**LISTED ENTRIES**

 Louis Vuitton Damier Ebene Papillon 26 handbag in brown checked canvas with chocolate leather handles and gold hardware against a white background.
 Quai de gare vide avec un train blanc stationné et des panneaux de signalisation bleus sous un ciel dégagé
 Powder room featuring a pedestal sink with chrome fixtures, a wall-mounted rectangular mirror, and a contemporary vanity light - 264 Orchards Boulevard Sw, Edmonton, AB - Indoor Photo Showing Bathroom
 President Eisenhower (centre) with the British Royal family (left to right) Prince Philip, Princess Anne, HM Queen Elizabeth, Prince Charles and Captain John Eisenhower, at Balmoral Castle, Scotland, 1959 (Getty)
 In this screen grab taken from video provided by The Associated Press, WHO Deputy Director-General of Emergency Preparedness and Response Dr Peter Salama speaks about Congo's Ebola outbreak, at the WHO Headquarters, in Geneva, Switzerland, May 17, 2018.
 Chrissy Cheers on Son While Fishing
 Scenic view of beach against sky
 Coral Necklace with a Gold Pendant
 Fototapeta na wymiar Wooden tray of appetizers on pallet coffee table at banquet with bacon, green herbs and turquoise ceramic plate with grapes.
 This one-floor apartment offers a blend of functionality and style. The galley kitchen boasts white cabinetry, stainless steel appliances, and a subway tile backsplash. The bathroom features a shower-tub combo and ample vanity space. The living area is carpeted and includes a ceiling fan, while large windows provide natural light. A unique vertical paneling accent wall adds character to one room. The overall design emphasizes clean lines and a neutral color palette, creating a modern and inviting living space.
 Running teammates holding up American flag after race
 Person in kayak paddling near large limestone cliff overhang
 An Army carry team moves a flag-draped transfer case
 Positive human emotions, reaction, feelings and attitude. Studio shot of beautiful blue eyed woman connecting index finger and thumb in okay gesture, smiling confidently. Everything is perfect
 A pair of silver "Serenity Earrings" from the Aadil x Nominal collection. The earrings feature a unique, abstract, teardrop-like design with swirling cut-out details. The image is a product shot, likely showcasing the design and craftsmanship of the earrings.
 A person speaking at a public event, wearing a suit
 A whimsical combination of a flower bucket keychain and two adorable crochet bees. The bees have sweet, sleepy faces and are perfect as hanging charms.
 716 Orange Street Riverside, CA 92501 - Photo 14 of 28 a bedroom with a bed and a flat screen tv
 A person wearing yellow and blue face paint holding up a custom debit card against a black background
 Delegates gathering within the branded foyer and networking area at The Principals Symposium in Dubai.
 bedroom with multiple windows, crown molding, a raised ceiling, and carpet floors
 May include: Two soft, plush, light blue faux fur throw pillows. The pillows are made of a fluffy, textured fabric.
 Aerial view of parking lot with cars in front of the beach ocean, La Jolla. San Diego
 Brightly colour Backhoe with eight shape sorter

**WHAT IS EXPECTED**
Quote every line of the records above, from the first down to the one holding "Powder room featuring", exactly as written.

**EXERCISE ANSWER**
 Louis Vuitton Damier Ebene Papillon 26 handbag in brown checked canvas with chocolate leather handles and gold hardware against a white background.
 Quai de gare vide avec un train blanc stationné et des panneaux de signalisation bleus sous un ciel dégagé
 Powder room featuring a pedestal sink with chrome fixtures, a wall-mounted rectangular mirror, and a contemporary vanity light - 264 Orchards Boulevard Sw, Edmonton, AB - Indoor Photo Showing Bathroom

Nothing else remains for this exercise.